What does it mean?

Internet security in most countries focuses on the protection of private computer networks against hackers and viruses. In China, the government’s Internet security policies have mainly been aimed at controlling the content on certain sites in order to prevent the spread of “harmful information”. However, in recent years the Chinese government has become increasingly concerned with protecting the same things as other countries. Accordingly, both forms of security are covered in the government regulations, which we outline below.

How strong is Internet security in China?

China is one of the world’s ten most vulnerable countries in the face of information based threats and the telecommunications and financial industries are the most likely industries to be attacked

Asia presents the greatest threat to the world in terms of hacking with South Korea, Taiwan and Hong Kong accounting for 80% of where hacks originate from. China ranked third in terms of volume of attacks on its computer networks and ninth in terms of where attacks were generated from.

Global Internet attacks increased by 81.5% in 2002. Therefore, the threats are still very much out there. Blended threats (i.e. threats which combine the characteristics of viruses, worms, Trojans and malicious codes with server and Internet vulnerabilities to initiate, transmit and spread an attack) appear to be the biggest concern as the number of these doubled in the second half of 2002 compared with the same period in 2001.

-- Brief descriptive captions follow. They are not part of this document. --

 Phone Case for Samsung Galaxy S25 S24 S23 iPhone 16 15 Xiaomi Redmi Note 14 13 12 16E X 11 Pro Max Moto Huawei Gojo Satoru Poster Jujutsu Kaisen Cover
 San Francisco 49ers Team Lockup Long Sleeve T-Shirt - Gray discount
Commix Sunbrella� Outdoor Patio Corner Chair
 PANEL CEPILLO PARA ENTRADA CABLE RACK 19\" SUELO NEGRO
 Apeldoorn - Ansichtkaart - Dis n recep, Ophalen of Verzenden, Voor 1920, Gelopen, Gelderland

Laws currently in place to deal with Internet Security

  • China has tried to combat these statistics. In 1997, it issued a raft of laws and regulations relating to Internet security which covered the following issues:
  • December 1997 - the prohibition of transmission of viruses. However, these regulations deal more with the control of State secrets and the dissemination of information.7 October 1999 - the establishment of a new agency called the State Encryption Management Commission (SEMC) to oversee encryption technology.

  • 7 October 1999 - the establishment of a new agency called the State Encryption Management Commission (SEMC) to oversee encryption technology.

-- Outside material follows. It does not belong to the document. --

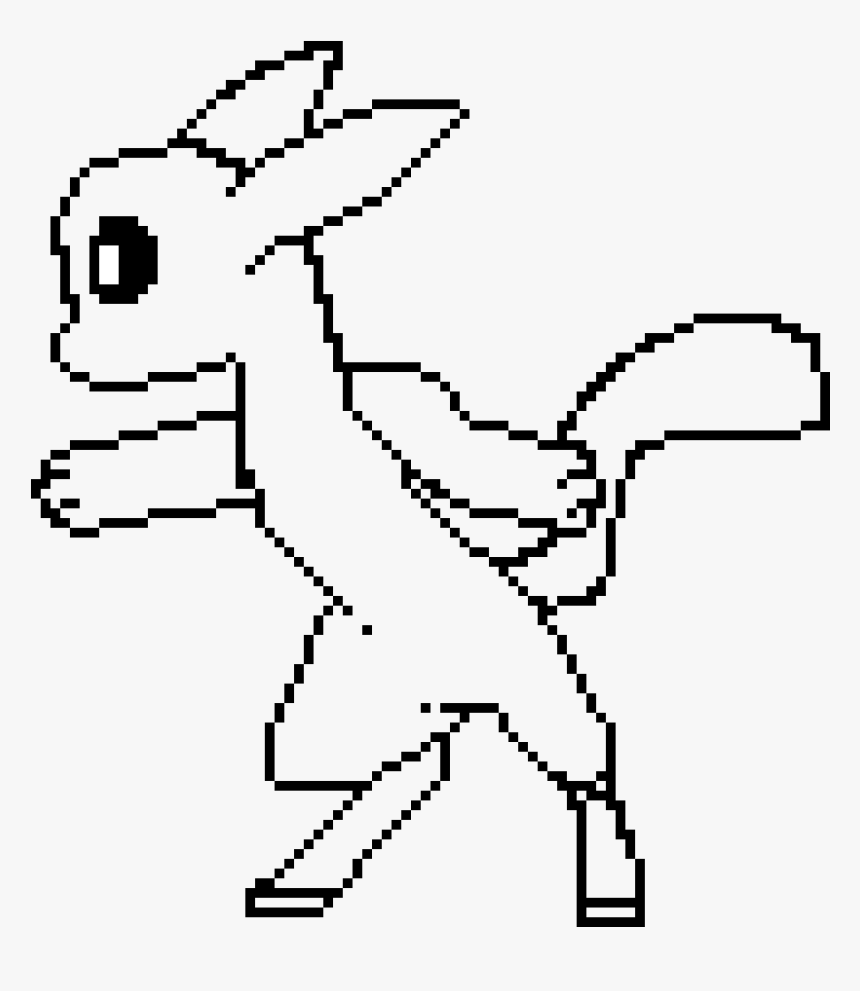 Transparent Rabbit Outline Png - Cartoon, Png Download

  • April 2000 - China’s first law on virus prevention. This law prohibits persons from creating viruses, transmitting them intentionally and harming the security of computer information systems. The law goes further and requires all users to check for viruses when uploading or downloading programs and when purchasing or leasing computer equipment.

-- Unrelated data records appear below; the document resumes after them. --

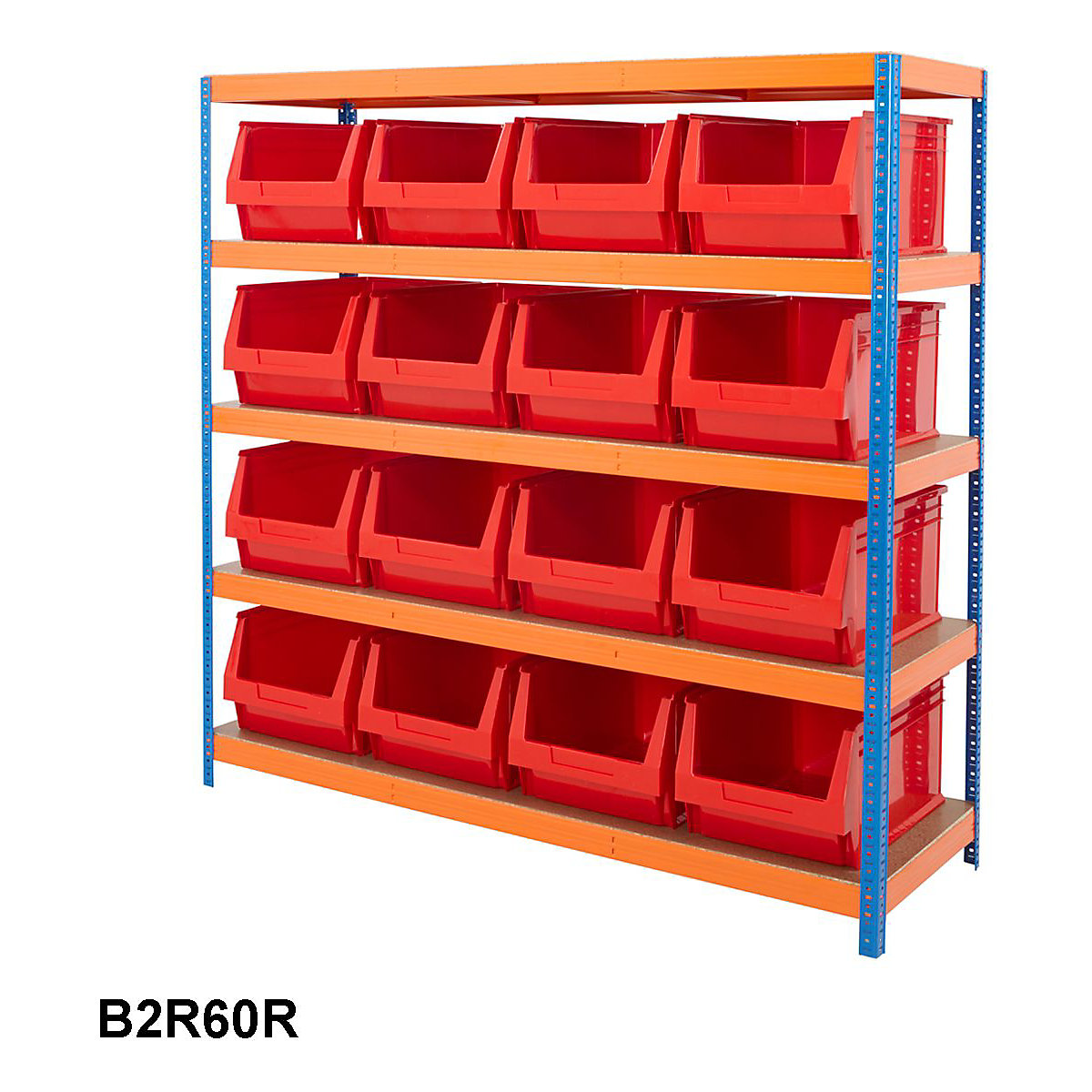 BiGDUG Essentials Industrial Shelving with Plastic Parts Bins (Product illustration 8)-7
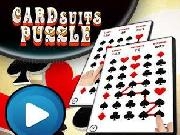 Jouer &agrave; Card Suits Puzzle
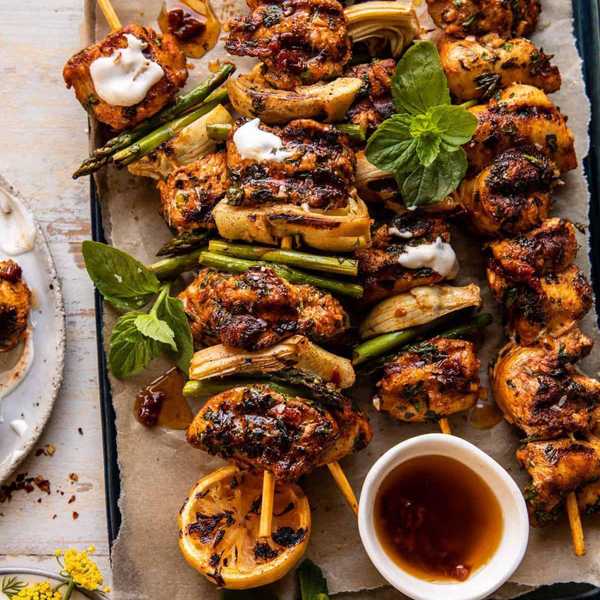 Lemon Chicken Skewers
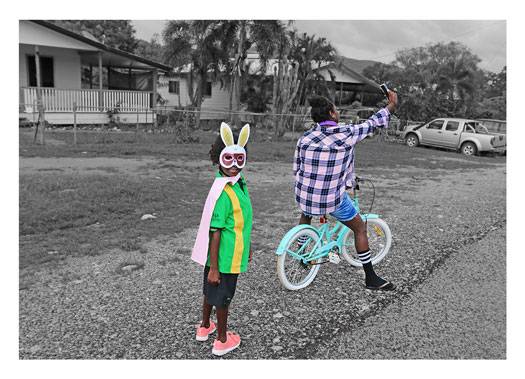 Australian Indigenous (Aboriginal and Torres Strait Islander) artwork by NAOMI HOBSON of Miscellaneous Artists. The title is Road Play. [NH201901005P_1-5] (310GSM Cotton Rag Art Paper)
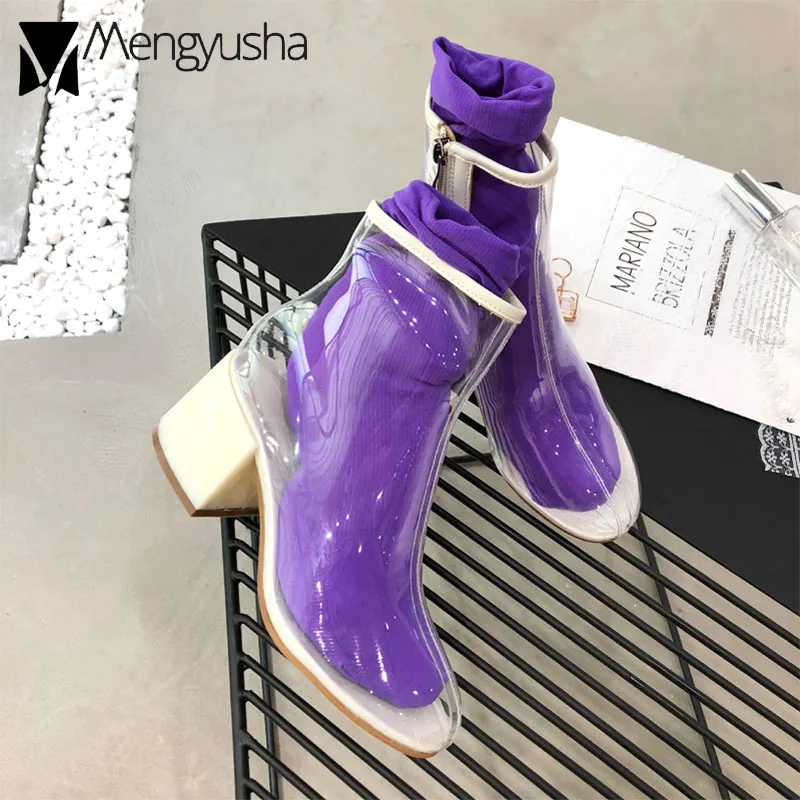 Прозрачные сандалии женские летние европейские и американские тенденции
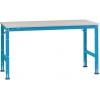 Manuflex AU6071.5012 Pracovní Přístavný stůl Univerzální standardní s Melaminplatte, Šxhxv = 1500 x 1200 x 760-870 mm, světle modrá (RAL 5012), deska /rám + 2 Manuflex AU6071.5012 Pracovní Přístavný stůl Univerzální standardní s Melaminplatte, Šxhxv = 1500 x 1200 x 760-870 mm, světle modrá (RAL 5012), deska /rám + 2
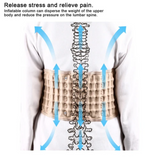 Lumbar Back Support Spinal Air Traction Belt Decompression Belt Lumbar Support for Lower Back Pain Relief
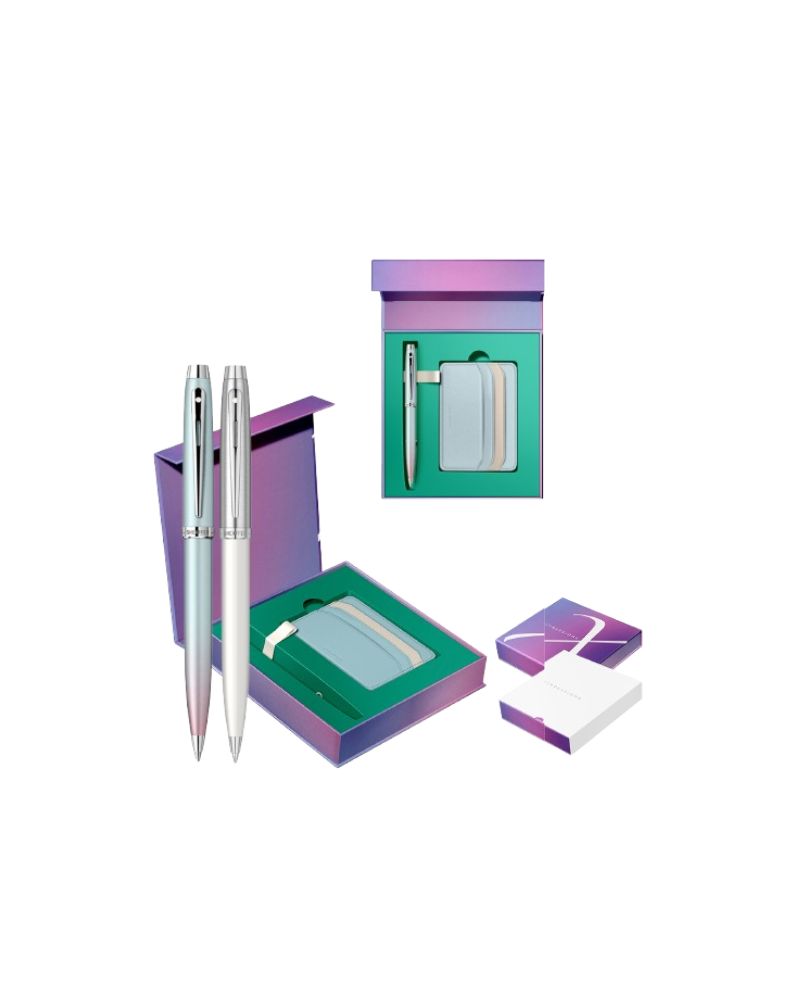 Set pix Shaeffer 100 Expressions sau White, Card holder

  • December 2000 – after a series of ‘hack attacks’ in March 2000 on one of China’s major web sites, Sino.com, the Ministry of Information Industry was prompted to make new rules with respect to network and information security management. This led to the law on Internet security in China being further expanded in December 2000 by the Decision of the National People’s Council on maintaining Internet Security.

What has China done to strengthen Internet security since the publication of ISTR?

In February 2003, China joined the UK, Russia and NATO as the first nations to sign up to Microsoft’s Government Security Programme (“GSP”), which gives access to Windows source code and prescriptive guidance on security assurance. This programme will help the Chinese government to establish and maintain more secure computing infrastructures.

China is currently revising its Internet security policies. In mid-March, it set up an information and e-government initiative to discuss this issue. In addition, new regulations are expected to be issued in line with international standards.

Effect on foreign investment and business in China

China’s implementation of Internet security measures and initiatives is not only positive for China in that there is better protection against blended threats and disclosure of sensitive information but will also provide comfort to foreign investors. The vulnerability of the Internet in China has also created a large market for investment in security products.

The Internet will always be vulnerable to attacks, especially as the information age becomes more advanced. China faces a huge challenge in this area. Nevertheless, the constant development of regulations and e-government initiatives to deal with Internet security, particularly with respect to hackers and viruses, as well as China’s participation in Microsoft’s GSP, are a step in the right direction.

[1] Internet Security and Threat Report (“ISTR”) published by Symantec (a well known security software provider in Internet security technology) in February 2003.